Wann steht die NATO-Mitgliedschaft Schwedens auf der Tagesordnung?
Eines der wichtigsten Themen auf der Tagesordnung des Parlaments, das insbesondere von westlichen Ländern mit großer Aufmerksamkeit verfolgt wird, wird die Abstimmung über Schwedens NATO-Mitgliedschaft sein.
Die Türkei hat ihren Einwand gegen die Mitgliedschaft Schwedens zurückgezogen, nachdem auf dem NATO-Gipfel im Juli in der litauischen Hauptstadt Vilnius eine Einigung erzielt worden war.
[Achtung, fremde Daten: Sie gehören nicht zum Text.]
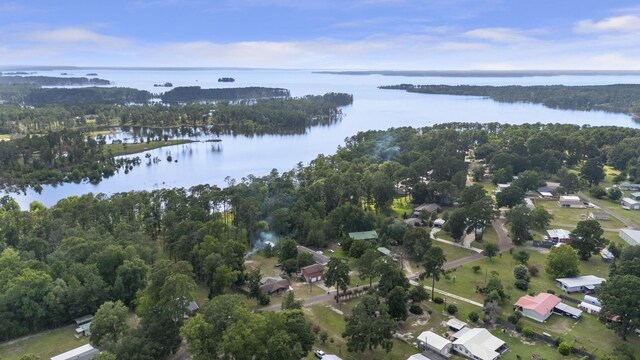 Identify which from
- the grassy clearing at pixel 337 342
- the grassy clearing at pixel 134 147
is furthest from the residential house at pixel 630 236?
the grassy clearing at pixel 134 147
Im Memorandum of Understanding hieß es, Schweden habe der Türkei als Gegenleistung für die NATO-Unterstützung Zusicherungen hinsichtlich der Bekämpfung des Terrorismus im Rahmen des zu schließenden Sicherheitspakts gegeben.
Es wird erwartet, dass die Türkei in der neuen Legislaturperiode über die NATO-Mitgliedschaft Schwedens abstimmen wird. Nach Angaben der AKP-Mitarbeiter wird der Prozess hier jedoch nicht zügig durchgeführt. Es wird angegeben, dass sich dieser Prozess etwas verzögern könnte, da Kommentare dazu vorliegen, dass die Vereinigten Staaten (USA) den Verkauf neuer F-16 an die Türkei an Schwedens NATO-Mitgliedschaftsregel knüpfen.
Auf Fragen von Journalisten nach seiner Rückkehr aus Aserbaidschan sagte Präsident Erdogan: „Sie machen Schweden von F-16 abhängig. Mit anderen Worten sagen sie, kümmern Sie sich darum. Kanada und Amerika tun dasselbe. Wir sagen auch: „Wenn es einen Kongress gibt, haben wir auch ein Parlament.“ „Wir können unser Parlament nicht in den Hintergrund rücken“, sagte er.
Laut AKP-Mitarbeitern ist es kein wirklicher Schritt, über die „F-16“-Bedingung gegen die NATO-Mitgliedschaft zu sprechen. Allerdings heißt es, dass der NATO-Genehmigungsprozess möglicherweise nicht im Oktober stattfinden werde, wenn die USA ihre Haltung in dieser Frage beibehalten.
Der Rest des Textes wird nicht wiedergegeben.